ROB-C26 (C26) is a multipotential, clonal cell line known to express several members of the TGF-β superfamily and to become more osteoblastic (e.g., express higher levels of alkaline phosphatase) upon treatment with 10⁻⁶ M retinoic acid (RA). We hypothesize that the expression of this more osteoblastic phenotype subsequent to RA exposure is the result of the treated cell's extracellular matrix (ECM) becoming a repository and active source of putative osteoinductive growth factors including, specifically, select members of the TGF-β superfamily.

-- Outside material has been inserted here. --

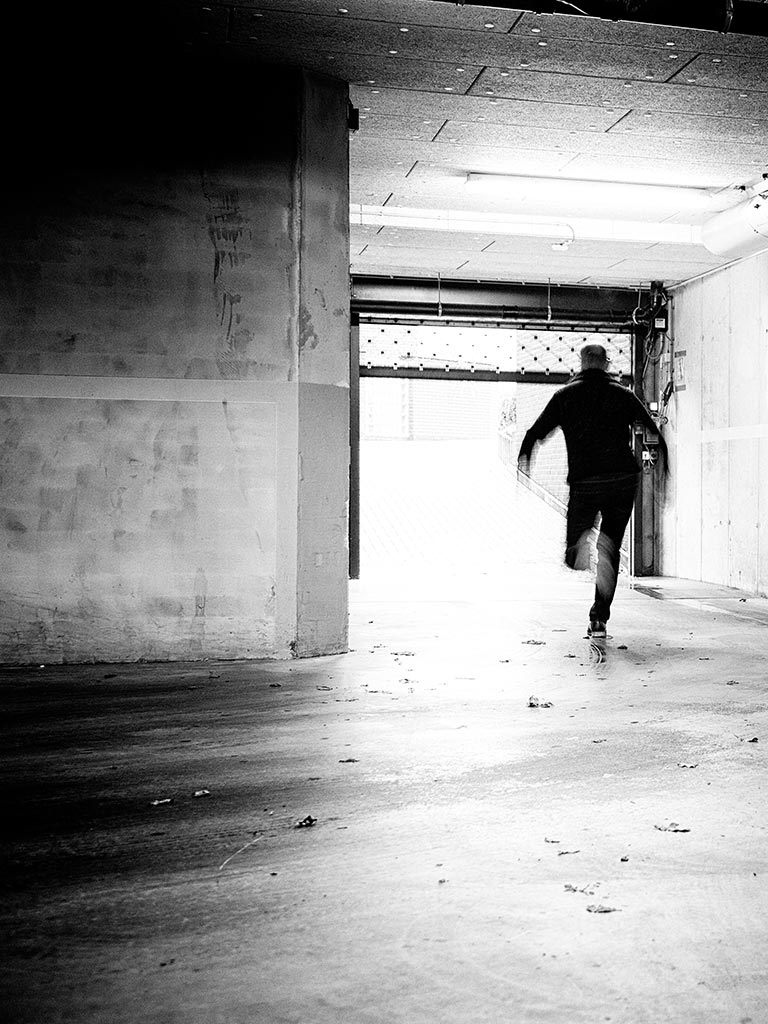 main character from rogue genes running down a dark lane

To test this hypothesis, we isolated the ECM from RA-treated and untreated C26 cells and assessed them for their ability to promote osteogenic differentiation in vivo and in vitro. We then explored whether the latter activities could be attributed specifically to TGF-β1. We found that the ECM of treated cells isolated by cell lysis and extensive washing induced endochondral bone formation in vivo when implanted into the thigh muscles of athymic nude mice and stimulated alkaline phosphatase (ALP) activity in vitro in freshly plated C26 cells. This latter stimulation was comparable to levels observed with direct RA treatment. This latter in vitro activity was only very partially mimicked by the ECM prepared from untreated cells and not duplicated at all by RA-treated collagen or the ECM from another RA-treated multipotential cell line. Moreover, the in vivo osteoinductive effect of the treated C26 cell ECM was not duplicated by comparable ECM prepared from untreated cells. Finally, we also found that preincubation of the ECM with specific, neutralizing antibodies to either TGF-β's 1, 2, and 3 or TGF-β1 alone substantially reduced the ability of the ECM to stimulate ALP activity. This inhibitory effect was not seen using nonspecific IgG. These data identify the C26 cell line as a valuable model system for exploring cell-matrix interaction in osteogenic differentiation, provide direct support for an autocrine role of the ECM in such differentiation, and suggest that TGF-β1 is an important ECM-based mediator in the regulation of osteoblastic development.